Create an Empty DataFrame
A basic DataFrame, which can be created is an Empty Dataframe.
Example
Its output is as follows −
Create a DataFrame from Lists
The DataFrame can be created using a single list or a list of lists.
Example 1
Its output is as follows −
Example 2
Its output is as follows −
Example 3
Its output is as follows −
Note − Observe, the dtype parameter changes the type of Age column to floating point.
Create a DataFrame from Dict of ndarrays / Lists
All the ndarrays must be of same length. If index is passed, then the length of the index should equal to the length of the arrays. Dropshare 4 4 4.
If no index is passed, then by default, index will be range(n), where n is the array length.
Example 1
Its output is as follows −
Note − Observe the values 0,1,2,3. They are the default index assigned to each using the function range(n).
Example 2
Let us now create an indexed DataFrame using arrays.

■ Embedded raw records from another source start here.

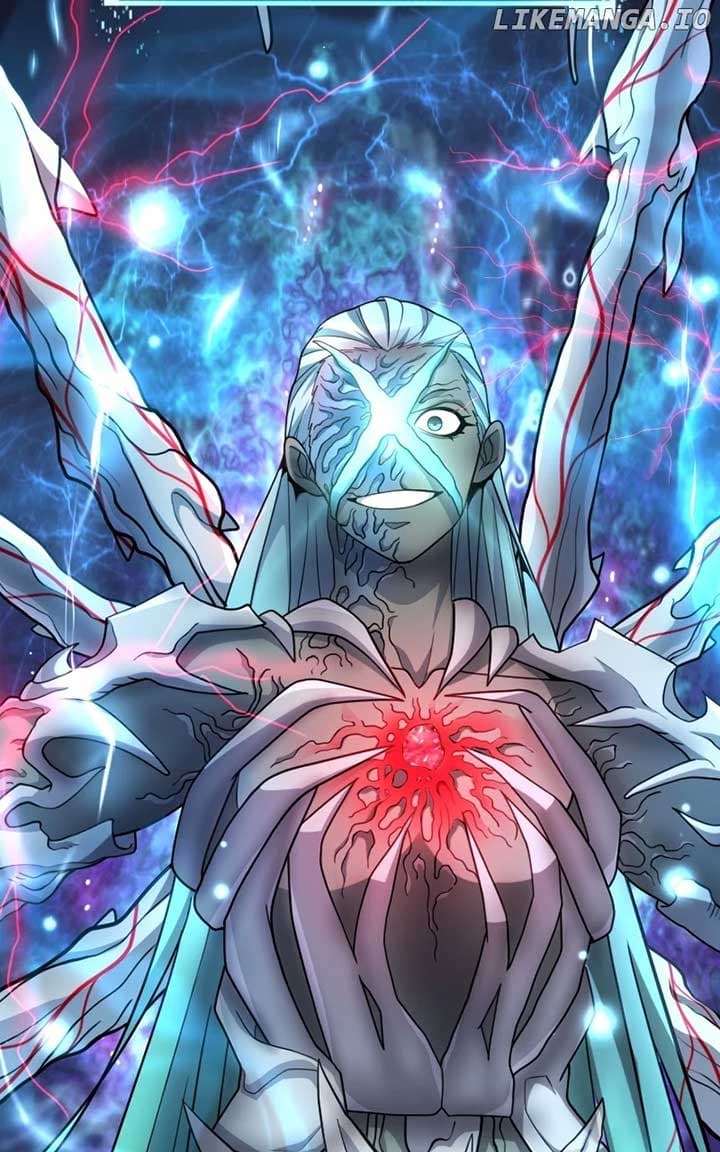 Page https://readmanhwaverse.com/images/the-possessed-genius-gaming-stream/chapter-15/056.jpg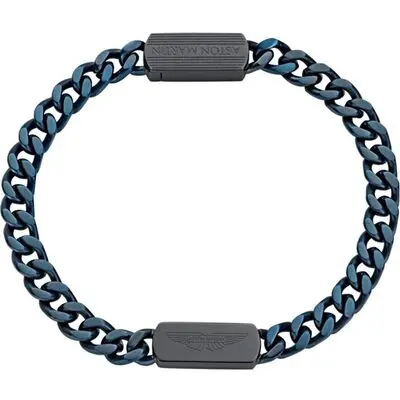 Aston Martin Jewels Jewelry Mjiuf5bm6 (MJIUF5BM6) Unisex JEWELRY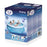 Piscine Fast Set 2.44 x 0.66 m - Bestway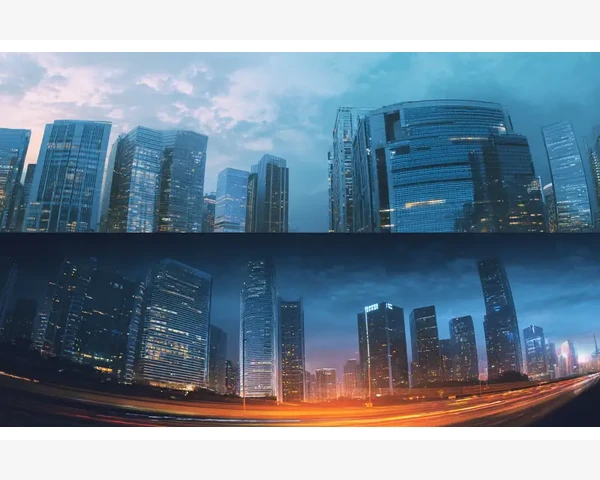 海上鲜B2B平台让海鲜生意不再难做_手机B2B平台在行业中的应用场景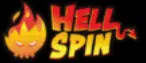 hell spin casino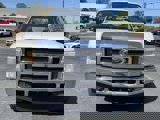 Used 2008 Ford F250 XL image 6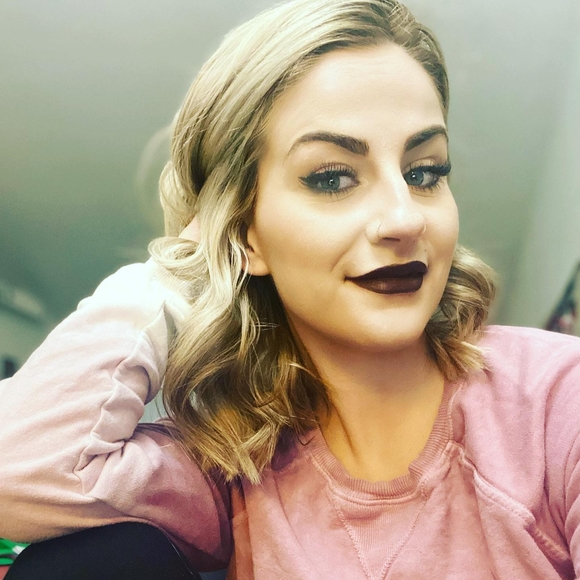 suttersteph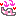 erc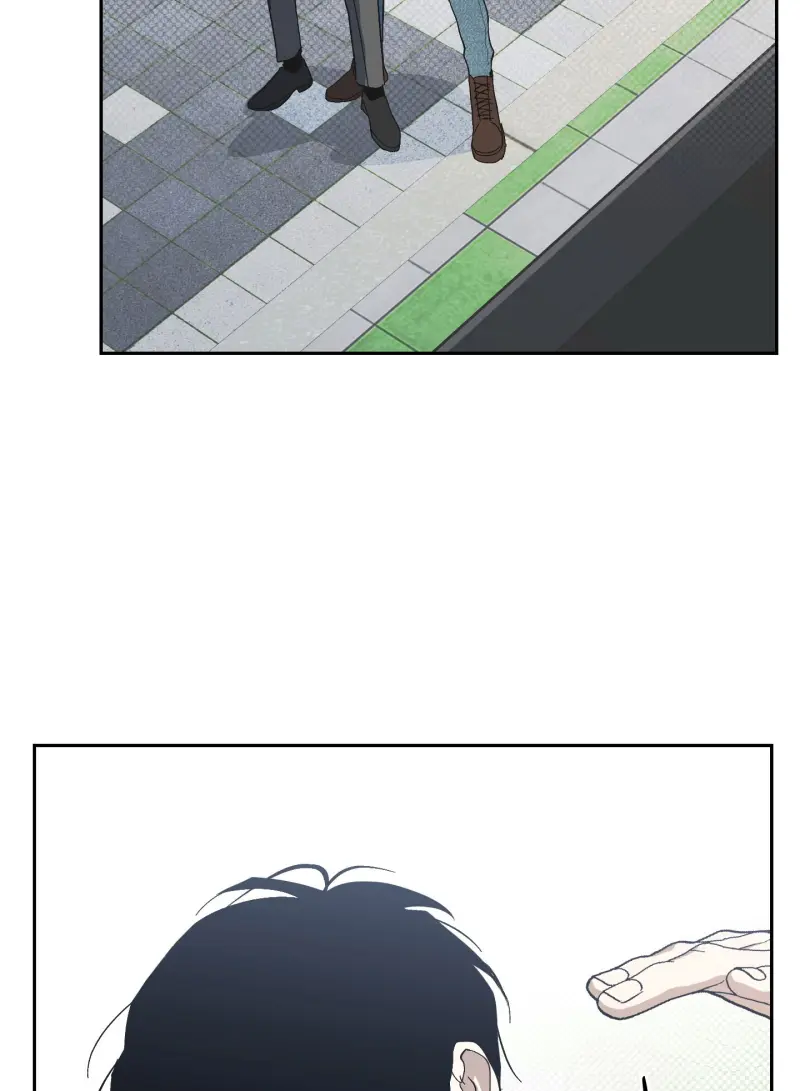 TƯƠNG XỨNG -  - Trang 21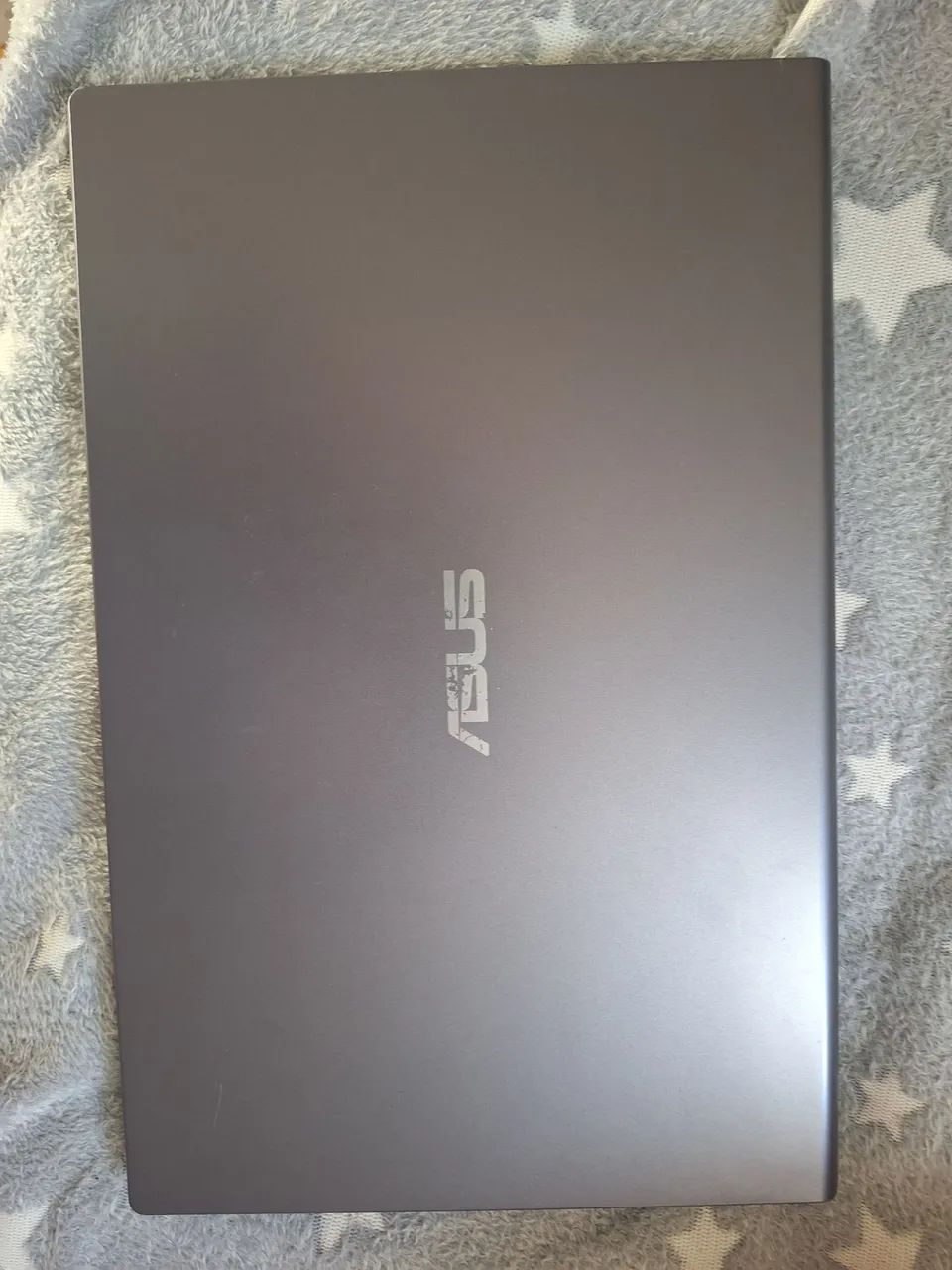 Notebook ASUS M515DA Ryzen 5 | 8GB RAM | SSD 256GB - Foto 5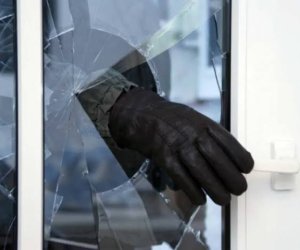 В Сабунчу арестован подозреваемый в краже из дома 320 тыс. манатов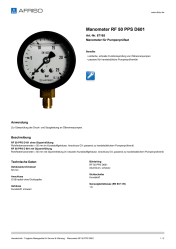 AFRISO_MANOMETER-RF-50-PPS-D601-MANOMETER-FUER-PUMPENPRUEFSET_67165_DEU_DEU.PDF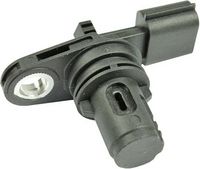 датчик, положение на разпределителния вал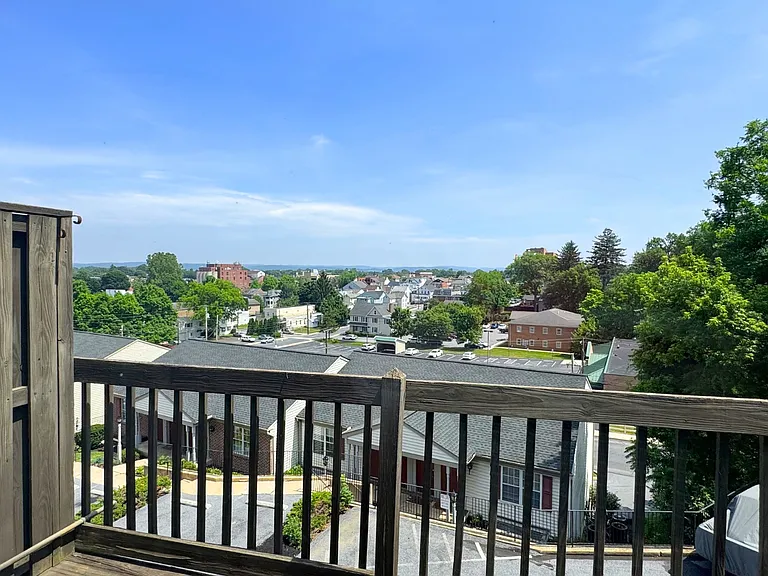 54 Westpointe Dr #54 — Photo 20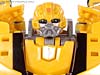 Transformers (2007) Screen Battles: Capture of Bumblebee - Image #114 of 156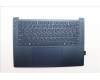 Lenovo 5CB1P73833 COVER Upper Case ASM_RUS L83ED_CB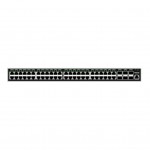 Комутатор Grandstream GWN7806P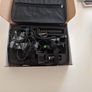 Gimbal for mobile phone Image 2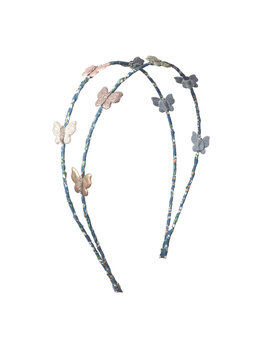 Mimi&Lula Mimi & Lula - Butterfly double alice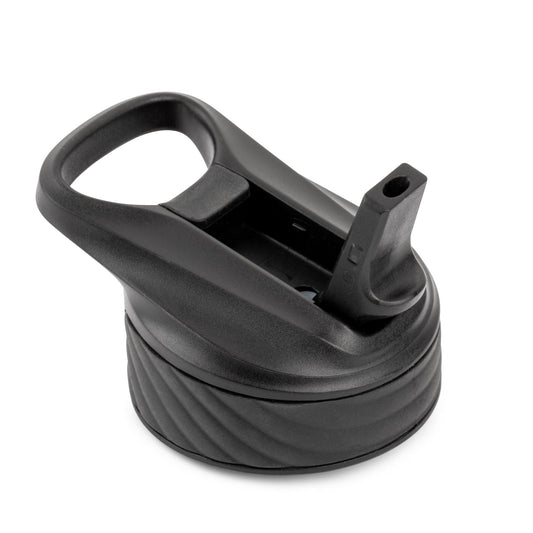 replacement-flip-up-straw-lid-for-convoy-collection-j9 LID31649-WEB_01.jpg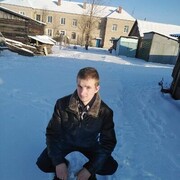 ���������� �������, ���� ������� ������, 26 ���, ������������ ��� ������, ����� � ���������, c�������� ���������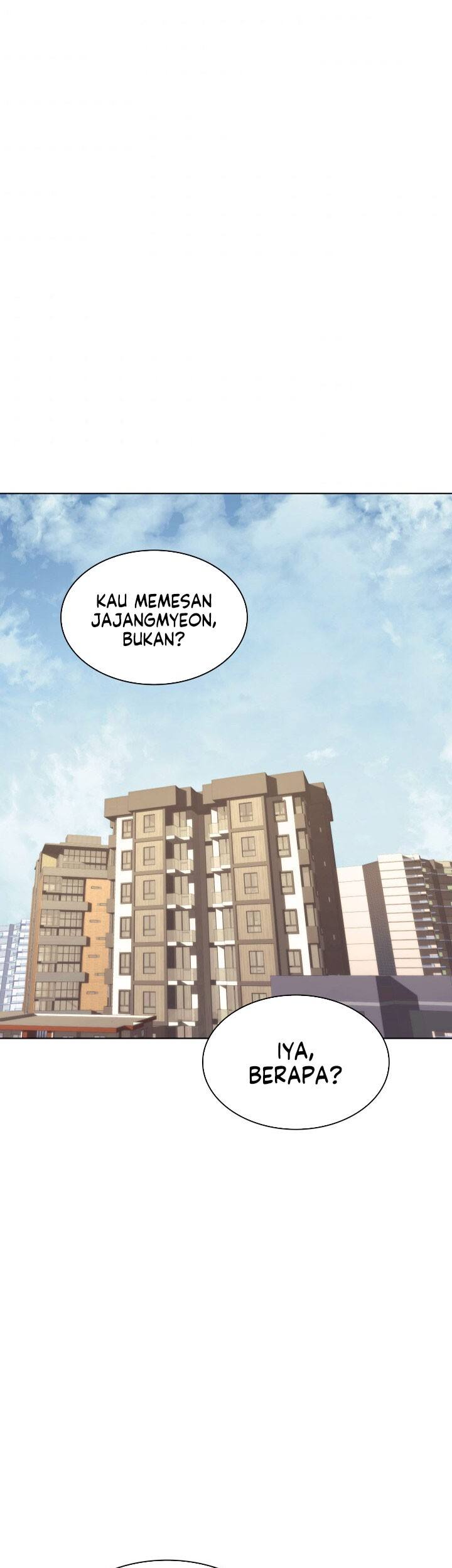 Halaman 63
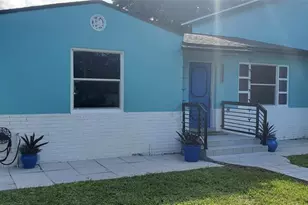 1548 SW 28th Ave, Fort Lauderdale, FL 33312 - Photo 3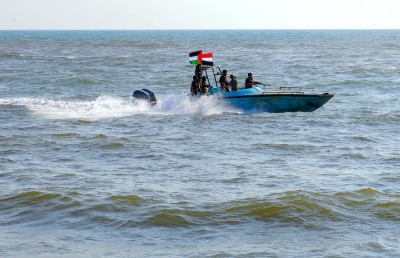 ރަތްކަނޑުގައި ހޫތީންގެ އާ ހަމަލާތަކެއް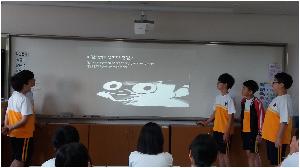 20170522_093135.jpg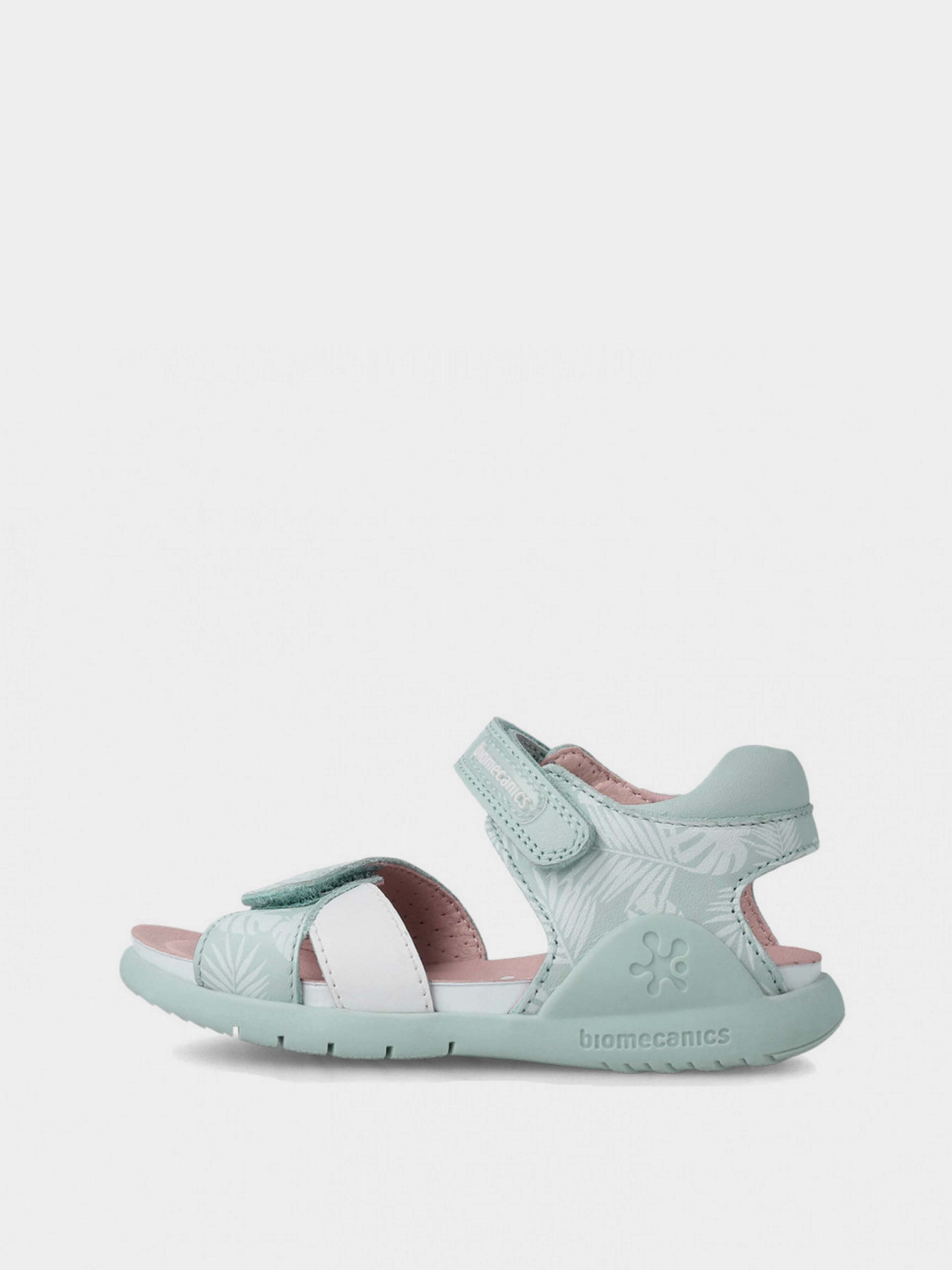 Сандалії Biomecanics модель 232243-A Фото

Its output is as follows −
Note − Observe, the index parameter assigns an index to each row.
Create a DataFrame from List of Dicts
List of Dictionaries can be passed as input data to create a DataFrame. The dictionary keys are by default taken as column names.
Example 1
The following example shows how to create a DataFrame by passing a list of dictionaries.
Its output is as follows −
Note − Observe, NaN (Not a Number) is appended in missing areas.
Example 2
The following example shows how to create a DataFrame by passing a list of dictionaries and the row indices.
Its output is as follows −
Example 3
The following example shows how to create a DataFrame with a list of dictionaries, row indices, and column indices.
Its output is as follows −
Note − Observe, df2 DataFrame is created with a column index other than the dictionary key; thus, appended the NaN’s in place. Whereas, df1 is created with column indices same as dictionary keys, so NaN’s appended.
Framer X Tutorial Youtube
Create a DataFrame from Dict of Series
Dictionary of Series can be passed to form a DataFrame. The resultant index is the union of all the series indexes passed.
Example
Its output is as follows −
Note − Observe, for the series one, there is no label ‘d’ passed, but in the result, for the d label, NaN is appended with NaN.
Let us now understand column selection, addition, and deletion through examples.
Column Selection
We will understand this by selecting a column from the DataFrame.
Example
Its output is as follows −
Framer X Tutorials
Column Addition
We will understand this by adding a new column to an existing data frame.
Example
Its output is as follows −
Column Deletion
Columns can be deleted or popped; let us take an example to understand how.
Example
Its output is as follows −
Row Selection, Addition, and Deletion
We will now understand row selection, addition and deletion through examples. Let us begin with the concept of selection.
Selection by Label
Rows can be selected by passing row label to a loc function.
Its output is as follows −
The result is a series with labels as column names of the DataFrame. And, the Name of the series is the label with which it is retrieved.
Selection by integer location
Rows can be selected by passing integer location to an iloc function.
Its output is as follows −
Slice Rows
Multiple rows can be selected using ‘ : ’ operator.
Its output is as follows −
Addition of Rows
Add new rows to a DataFrame using the append function. This function will append the rows at the end.
Its output is as follows −
Deletion of Rows
Use index label to delete or drop rows from a DataFrame. If label is duplicated, then multiple rows will be dropped.
If you observe, in the above example, the labels are duplicate. Let us drop a label and will see how many rows will get dropped.
Its output is as follows −
In the above example, two rows were dropped because those two contain the same label 0.